Menstrual cycle, period, moon time, blob, crimson wave, Aunty Flo or time of the month, whatever you call it periods are a part of everyday life for billions of women around the world.
Despite this fact, they still aren’t commonly talked about in the workplace. You might see colleagues exchanging tampons like they’re some kind of class A drug or give a female colleague a knowing smile as she fills up her hot water bottle for the third time in a row but you’ll rarely hear it openly talked about in the staff canteen or around the table during working hours.
And why not? If we are comfortable talking about our raging hayfever or sore tonsils why do we feel so chronically uncomfortable talking about a natural part of our lives and healthcare? Of course, it’s down to years of being taught that they are shameful, dirty and completely unprofessional.

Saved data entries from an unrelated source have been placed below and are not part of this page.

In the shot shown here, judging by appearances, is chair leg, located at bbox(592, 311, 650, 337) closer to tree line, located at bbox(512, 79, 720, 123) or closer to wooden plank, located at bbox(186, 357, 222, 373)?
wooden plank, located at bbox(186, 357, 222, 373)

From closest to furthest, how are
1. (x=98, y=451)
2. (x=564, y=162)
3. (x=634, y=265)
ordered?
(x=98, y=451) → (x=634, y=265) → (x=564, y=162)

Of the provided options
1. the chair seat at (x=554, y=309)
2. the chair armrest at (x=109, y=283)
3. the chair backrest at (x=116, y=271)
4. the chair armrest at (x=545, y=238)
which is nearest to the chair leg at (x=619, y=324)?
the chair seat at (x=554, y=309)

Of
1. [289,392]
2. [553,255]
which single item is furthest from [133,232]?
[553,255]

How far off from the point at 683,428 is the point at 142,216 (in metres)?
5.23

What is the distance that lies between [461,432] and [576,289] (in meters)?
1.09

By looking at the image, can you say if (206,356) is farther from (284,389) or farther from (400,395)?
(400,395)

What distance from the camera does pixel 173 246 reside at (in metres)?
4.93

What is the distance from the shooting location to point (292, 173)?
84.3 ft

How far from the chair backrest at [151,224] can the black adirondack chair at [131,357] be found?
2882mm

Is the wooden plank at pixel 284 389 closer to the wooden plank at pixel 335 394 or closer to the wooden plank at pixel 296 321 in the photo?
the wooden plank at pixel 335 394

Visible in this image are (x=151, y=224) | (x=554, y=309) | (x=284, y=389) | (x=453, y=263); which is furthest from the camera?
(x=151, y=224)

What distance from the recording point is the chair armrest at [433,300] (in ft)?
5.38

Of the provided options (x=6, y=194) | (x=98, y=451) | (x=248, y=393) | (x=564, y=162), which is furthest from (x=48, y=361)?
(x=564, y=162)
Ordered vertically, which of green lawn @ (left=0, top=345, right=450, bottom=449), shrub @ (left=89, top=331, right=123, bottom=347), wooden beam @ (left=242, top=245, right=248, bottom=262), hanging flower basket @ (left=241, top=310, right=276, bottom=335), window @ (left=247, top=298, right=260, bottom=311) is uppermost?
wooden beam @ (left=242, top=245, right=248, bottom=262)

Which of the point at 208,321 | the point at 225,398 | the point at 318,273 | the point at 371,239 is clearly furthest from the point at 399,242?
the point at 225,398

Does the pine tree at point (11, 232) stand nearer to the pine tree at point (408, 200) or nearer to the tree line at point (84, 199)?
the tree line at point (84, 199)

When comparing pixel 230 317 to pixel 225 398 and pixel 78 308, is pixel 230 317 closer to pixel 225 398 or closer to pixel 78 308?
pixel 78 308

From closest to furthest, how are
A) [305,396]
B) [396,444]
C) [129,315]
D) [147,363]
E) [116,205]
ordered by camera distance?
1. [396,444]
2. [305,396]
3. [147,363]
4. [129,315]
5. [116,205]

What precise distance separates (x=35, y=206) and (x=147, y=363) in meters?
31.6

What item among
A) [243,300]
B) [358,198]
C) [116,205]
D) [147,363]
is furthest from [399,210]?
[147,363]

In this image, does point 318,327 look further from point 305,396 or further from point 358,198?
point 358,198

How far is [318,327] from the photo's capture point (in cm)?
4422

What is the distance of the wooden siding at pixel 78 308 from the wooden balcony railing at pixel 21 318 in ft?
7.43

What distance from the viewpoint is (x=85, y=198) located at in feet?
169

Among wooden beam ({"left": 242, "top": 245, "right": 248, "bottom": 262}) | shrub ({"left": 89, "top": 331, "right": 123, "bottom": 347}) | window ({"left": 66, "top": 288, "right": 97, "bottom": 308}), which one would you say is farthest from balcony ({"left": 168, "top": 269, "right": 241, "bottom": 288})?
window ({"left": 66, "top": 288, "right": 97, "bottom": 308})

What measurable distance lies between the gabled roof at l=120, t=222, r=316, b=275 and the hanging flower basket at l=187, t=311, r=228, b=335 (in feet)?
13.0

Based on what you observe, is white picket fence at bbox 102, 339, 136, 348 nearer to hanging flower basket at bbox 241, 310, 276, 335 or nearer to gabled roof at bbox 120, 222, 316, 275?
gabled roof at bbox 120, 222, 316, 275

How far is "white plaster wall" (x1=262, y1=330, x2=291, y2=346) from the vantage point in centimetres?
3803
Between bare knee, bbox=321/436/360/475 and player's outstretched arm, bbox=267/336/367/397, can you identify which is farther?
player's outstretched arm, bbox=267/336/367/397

Throughout our schooling and work lives, women are subconsciously taught not to talk about their periods in a professional setting. It’s a topic that is only safe to discuss amongst close friends at least five feet away from the nearest male. But maybe the times are finally changing.

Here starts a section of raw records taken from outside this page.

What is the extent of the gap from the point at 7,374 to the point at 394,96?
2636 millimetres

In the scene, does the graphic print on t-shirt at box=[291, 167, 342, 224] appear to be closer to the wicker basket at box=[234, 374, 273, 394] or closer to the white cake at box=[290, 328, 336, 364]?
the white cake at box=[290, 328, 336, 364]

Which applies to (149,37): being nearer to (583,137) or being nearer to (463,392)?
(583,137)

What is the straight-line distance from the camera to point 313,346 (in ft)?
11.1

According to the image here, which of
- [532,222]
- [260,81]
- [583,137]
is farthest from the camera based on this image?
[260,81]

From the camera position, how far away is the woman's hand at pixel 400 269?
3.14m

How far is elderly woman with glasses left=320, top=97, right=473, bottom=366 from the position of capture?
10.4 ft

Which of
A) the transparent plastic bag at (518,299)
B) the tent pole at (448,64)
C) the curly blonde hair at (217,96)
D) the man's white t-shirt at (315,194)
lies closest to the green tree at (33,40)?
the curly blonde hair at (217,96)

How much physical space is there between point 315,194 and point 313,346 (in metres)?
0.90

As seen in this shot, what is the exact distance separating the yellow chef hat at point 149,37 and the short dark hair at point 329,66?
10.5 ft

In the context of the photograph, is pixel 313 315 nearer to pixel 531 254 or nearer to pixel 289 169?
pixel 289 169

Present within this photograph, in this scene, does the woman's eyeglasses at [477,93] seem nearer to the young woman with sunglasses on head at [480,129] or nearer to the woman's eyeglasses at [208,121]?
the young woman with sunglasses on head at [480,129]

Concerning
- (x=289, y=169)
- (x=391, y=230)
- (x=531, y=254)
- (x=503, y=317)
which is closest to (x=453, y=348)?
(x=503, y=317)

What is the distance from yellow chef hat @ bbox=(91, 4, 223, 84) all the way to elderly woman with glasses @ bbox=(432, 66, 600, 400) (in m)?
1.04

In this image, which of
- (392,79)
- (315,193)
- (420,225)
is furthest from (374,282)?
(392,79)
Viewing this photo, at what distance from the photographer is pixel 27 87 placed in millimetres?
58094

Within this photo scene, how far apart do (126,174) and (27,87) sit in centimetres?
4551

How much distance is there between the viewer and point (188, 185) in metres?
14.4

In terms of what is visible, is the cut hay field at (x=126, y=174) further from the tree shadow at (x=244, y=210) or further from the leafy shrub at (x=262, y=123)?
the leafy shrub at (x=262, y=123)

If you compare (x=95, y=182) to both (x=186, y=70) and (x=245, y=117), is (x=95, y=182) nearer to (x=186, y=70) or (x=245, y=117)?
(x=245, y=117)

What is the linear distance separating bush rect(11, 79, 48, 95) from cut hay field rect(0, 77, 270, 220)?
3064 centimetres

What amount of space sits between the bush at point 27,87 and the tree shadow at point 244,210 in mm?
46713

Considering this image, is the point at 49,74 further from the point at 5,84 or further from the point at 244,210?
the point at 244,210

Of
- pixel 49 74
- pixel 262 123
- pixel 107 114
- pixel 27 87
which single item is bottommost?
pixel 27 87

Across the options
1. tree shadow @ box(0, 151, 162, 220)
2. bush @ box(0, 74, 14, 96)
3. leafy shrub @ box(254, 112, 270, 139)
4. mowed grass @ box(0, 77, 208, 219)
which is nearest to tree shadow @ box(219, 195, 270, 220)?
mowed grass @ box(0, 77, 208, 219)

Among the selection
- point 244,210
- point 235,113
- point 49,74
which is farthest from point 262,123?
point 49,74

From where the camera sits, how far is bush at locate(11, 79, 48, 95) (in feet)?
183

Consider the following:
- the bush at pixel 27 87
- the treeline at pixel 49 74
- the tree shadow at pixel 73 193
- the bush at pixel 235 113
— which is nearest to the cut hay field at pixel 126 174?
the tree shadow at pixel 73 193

Recently legalised menstrual leave has been making headlines around the world. In fact, women in Japan, Korea and a few other countries are allowed to request days off work when they’re on their period.
In theory, this sounds like a good idea. Firstly, it opens up the conversation about menstruation. Secondly, it legitimises women’s pain, something which has been deeply misunderstood in the past and thirdly it allows women to simply rest and recuperate when they need to.
But in my opinion menstrual leave is a double-edged sword that may not be as progressive or inclusive as it appears.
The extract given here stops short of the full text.